IT”S a good time to revisit the Pantawid Pamilya Pilipino Program (4Ps) because in the proposed 2016 national budget, the appropriation for the program has been increased to a hefty P62.7 billion. Has the program achieved its purpose of getting the conditions followed by the targeted family beneficiaries?
We might recall that the conditions for the cash transfers consist of an education component, health component and attendance at scheduled family development sessions (FDS).
For education, there must be attendance in day care center/preschool for children 3 to 5 years old; attendance in primary and secondary schools for children 6 to 14 years old; and attendance in primary and secondary schools for children 15 to 18 years old. Here there was 98-percent compliance in the last monitoring period, March to April 2015.
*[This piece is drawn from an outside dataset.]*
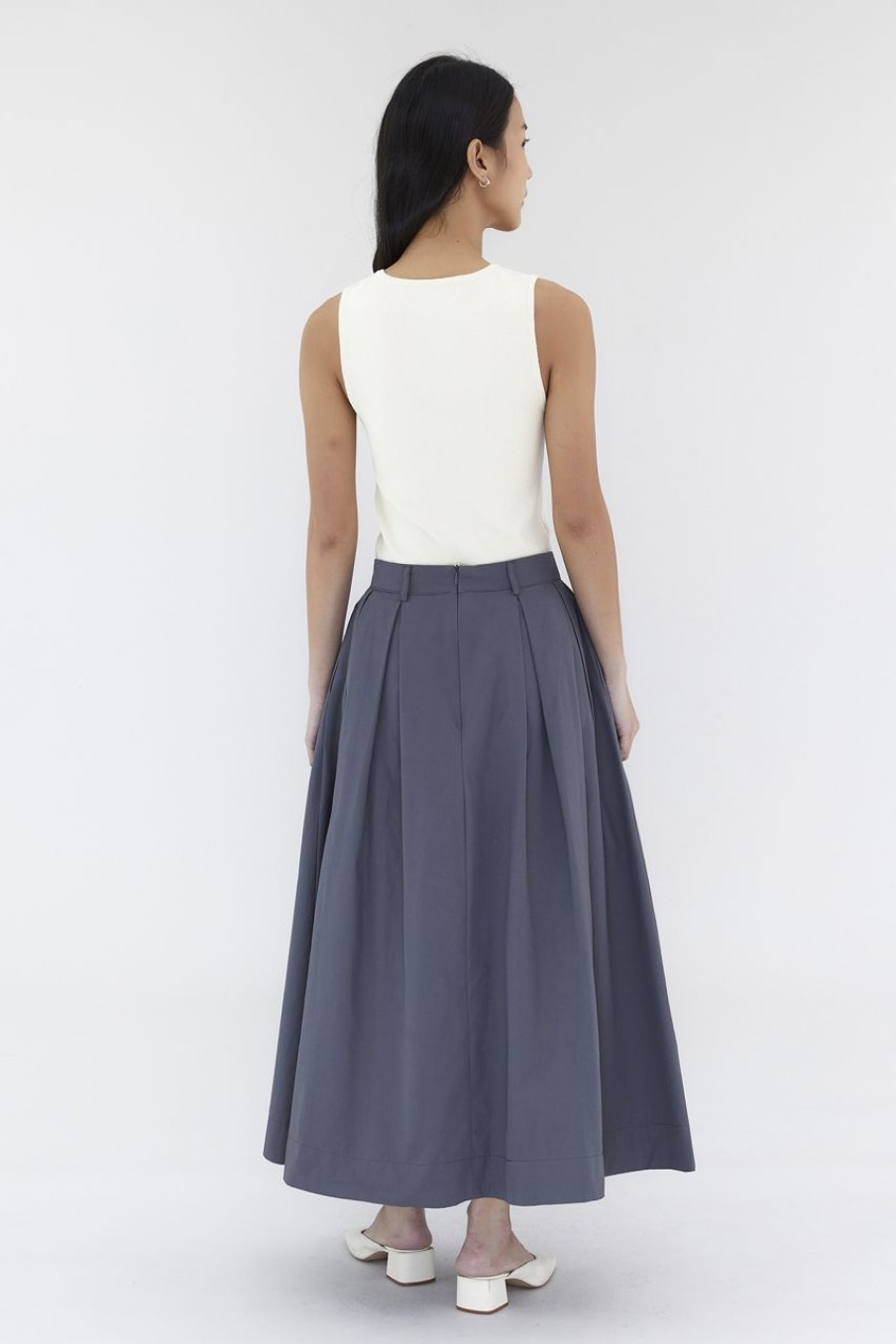 Women The Editor's Market Skirts | Savana Box-Pleat Skirt Shadow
For health, the conditions are that pregnant women and children 0 to 5 years old submit to check-up/immunizations; and submit to deworming for children 6 to 14 years old. Here there was 97-percent compliance for the same monitoring period.
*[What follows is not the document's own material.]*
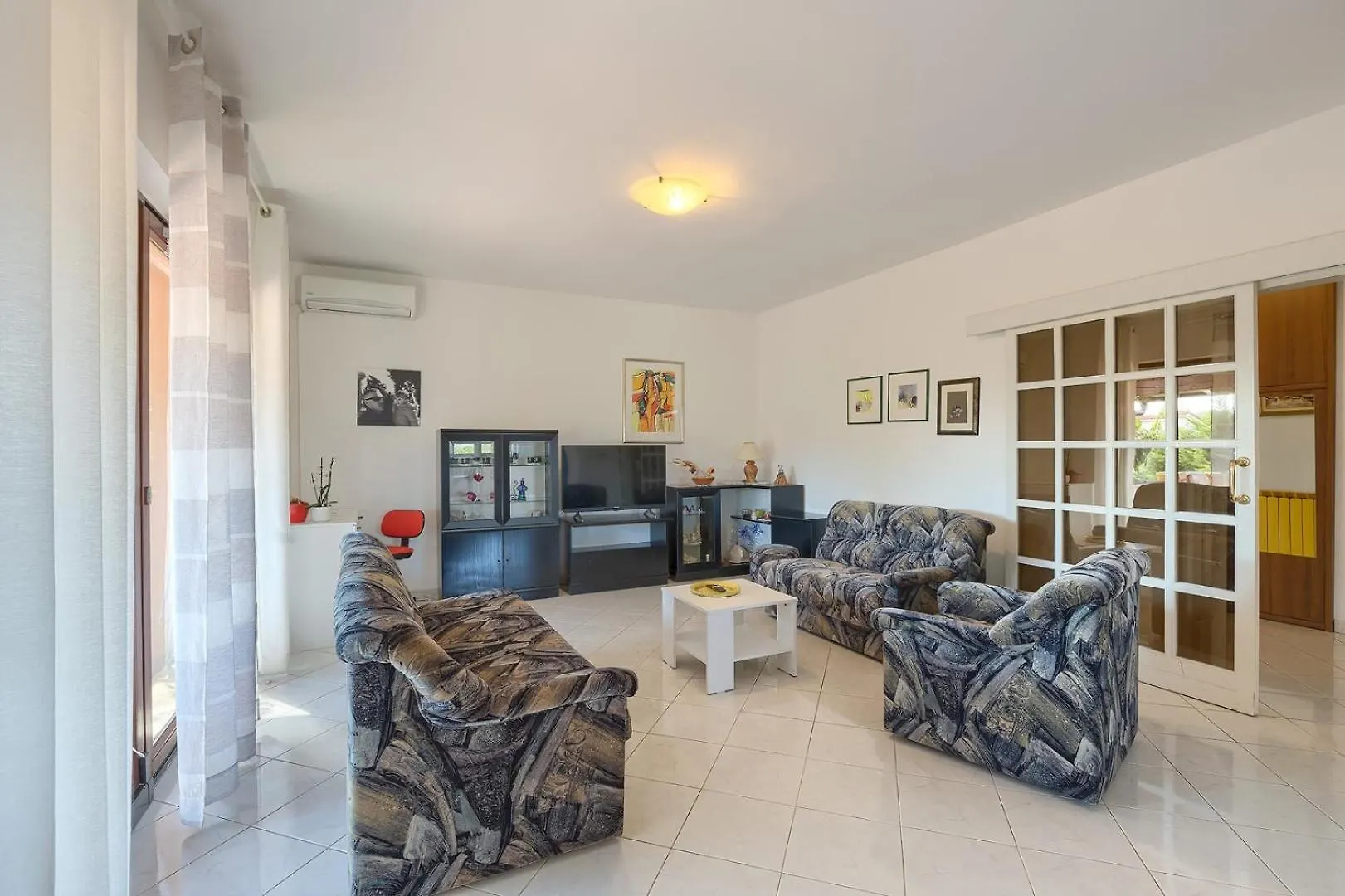 Apartment Viktor Pula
For the FDS there was 95 percent compliance.
Conclusion: Compliance is certainly most satisfactory.
In making an opinion the main figures to note are those summarized by the Department of Social Welfare and Development (DSWD) in its own Evaluation Report:
“As of June 24, 2015, the Pantawid Pamilyang Pilipino Program is being implemented in 144 cities and 1,483 municipalities in 80 provinces, with a total of 4,391,768 active beneficiary households. Of the total number of households, 4,173,391 are covered by the regular Conditional Cash-Transfer (CCT) Program, while 218,377 households are covered by the Modified Conditional Cash-Transfers (MCCT).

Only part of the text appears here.